Public Administration in Belarus: A Story of Dysfunction

Belarusian Vice Prime Minister Mikhail Rusy (on the right)

On 29 March, President Alexander Lukashenka held a meeting dedicated to the accession of Belarus to the World Trade Organisation (WTO). Belarus has enjoyed observer status in the organisation since 1993, and every few years proclaims it will speed up the accession process.

However, as Belarus’s economic reforms falter, a final deal remains elusive. The March meeting was intended to expedite accession, but it also served as a solemn reminder that Belarus may never join the WTO at all.

WTO accession is just one of many issues that Belarusian authorities have wrestled with for decades, without any clear outcome.

Certainly, Belarus as a country has made some progress. When visiting Minsk today many foreigners discover that the Belarusian capital is not that different from other Eastern European capitals. One can dine at a good restaurant, visit an art gallery, and call an Uber to return to a comfortable hotel.

The city is suited for a middle-income economy, authoritarianism notwithstanding. Comparisons to increasingly dysfunctional post-Soviet neighbours Russia and Ukraine make Belarus seem like a part of Europe.

And yet when it comes to public administration, Belarus remains in many respects just as dysfunctional. According to the 2014 Indicator of Quality of Governance, public governance in Belarus ranks lower than in Ukraine and only slightly better than in Russia.

Of zombie enterprises and abandoned school reforms

Belarusian authorities have sustained a litany of unprofitable enterprises when it would be more economical to simply halt their activity. For instance, the state budget has financed JSC Kamvol, a loss-making synthetic fibre producer, for more than 15 years, when the cheaper option would be to shut it down and issue a 10-year salary to its employees.

Process often takes precedence over outcome. If a loss-making company continues to operate, officials can continue drawing funds from the budget.

In another example, the state invested over $1 billion into “modernising” cement and woodworking industries, but these businesses continue to generate losses. Recently, a flax factory in the small town of Liakhavichy used public funds to purchase new equipment, only to discover that it did not fit into the factory building.

Many officials refuse to accept the reality that state programmes fail no matter how much public largesse is poured into them. According to Deputy Prime Minister Uladzimir Siamashka, in 2005-2010 alone, Belarus spent $42 billion on the revival of Belarusian villages, with little to show for it. Research by the National Academy of Sciences reveals that more than two-thirds of the rural population do not want their children to live in a village.

In Belarus’s chaotic system of public administration, it is never entirely clear who makes decisions or how those decisions are implemented. For example, in the area of education reform, the number of school years was briefly raised from 11 to 12 years, but within just one generation was reverted to 11 years.

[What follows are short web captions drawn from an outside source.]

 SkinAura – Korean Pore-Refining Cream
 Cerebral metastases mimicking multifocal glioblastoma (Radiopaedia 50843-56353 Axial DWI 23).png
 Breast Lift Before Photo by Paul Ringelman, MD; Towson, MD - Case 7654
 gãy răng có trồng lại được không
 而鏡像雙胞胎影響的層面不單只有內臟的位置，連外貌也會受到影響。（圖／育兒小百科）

At the beginning of 2015, the Minister of Education recommended that Belarusian history be taught in the Belarusian language because “talking about our own history in another language is wrong.” And yet, his proposal was never implemented, possibly because the idea caused a nervous reaction in the Russian-speaking media.

Who is to blame for dysfunctionality?

During the 2000s, immense Russian energy subsidies helped smooth over Belarus’s structural flaws. That is not the case anymore – last year Belarus’s GDP contracted by 4%, and the slide has continued into 2016. Now it is becoming clear that few steps were taken in relatively good times to lay a foundation for the future.

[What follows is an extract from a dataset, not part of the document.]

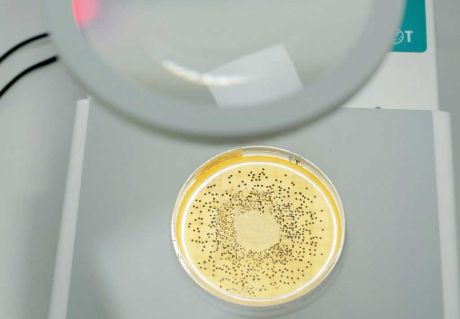 IUL COLONY COUNTER kézi telepszámláló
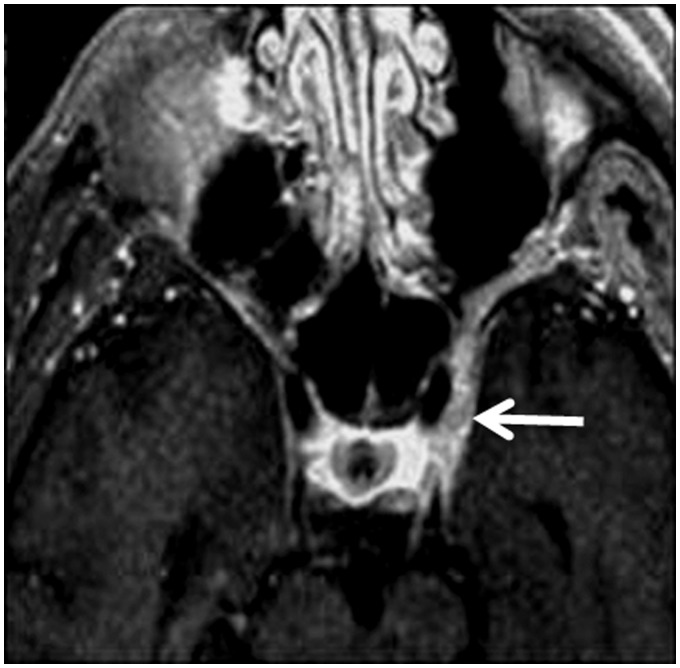 Figure 12.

As Lukashenka’s economic advisor Kiryl Rudy puts it, “there is always some wishful thinking embedded in the economic plans. An unexpected rise in oil prices or a sudden strengthening of the Russian rouble.” Current government programmes that are supposed to deal with the crisis are just iterations of previously ineffectual programmes. And despite the inordinate power concentrated in Lukashenka’s hands, the authorities remain inert even in times of crisis.

Indeed, in the absence of free elections, there are few newcomers to the ruling class and unelected officials can afford to make unrealistic promises. The head of the National Academy of Sciences of Belarus, Uladzimir Husakou, recently suggested that the Belarusian economy will expand by 8-8.5% this year, although the general consensus is that the recession will continue unabated. The poor quality of government elites is a key reason why Belarus in its current state stands little chance of a brighter future.

Where will the current system lead?

Due to the government’s paralysis, its response to the recession has been slow and inadequate. There is a widening gap between Minsk, the relatively prosperous capital, and the rest of the country.

Some manufacturing enterprises, such as television monitor production plants, recently disappeared after years of wasted government funding, while many of the industries that remain, such as machine building, are unprofitable.

Trust in the government is also low. According to a recent poll by the Independent Institute of Socio-Economic and Political Studies, only 20.6% of respondents said they prefer to deposit their savings in Belarusian roubles, and a majority said they mistrusted the main state institutions.

Without reform, Belarus risks wasting its economic potential as the young generation grows older. It will become a country of despair, where low-paid people do not see any future and emigrate. In fact, that process is already underway.

Ryhor Astapenia is a Development Director at the Ostrogorski Centre, and editor-in-chief of Belarusian internet magazine Idea.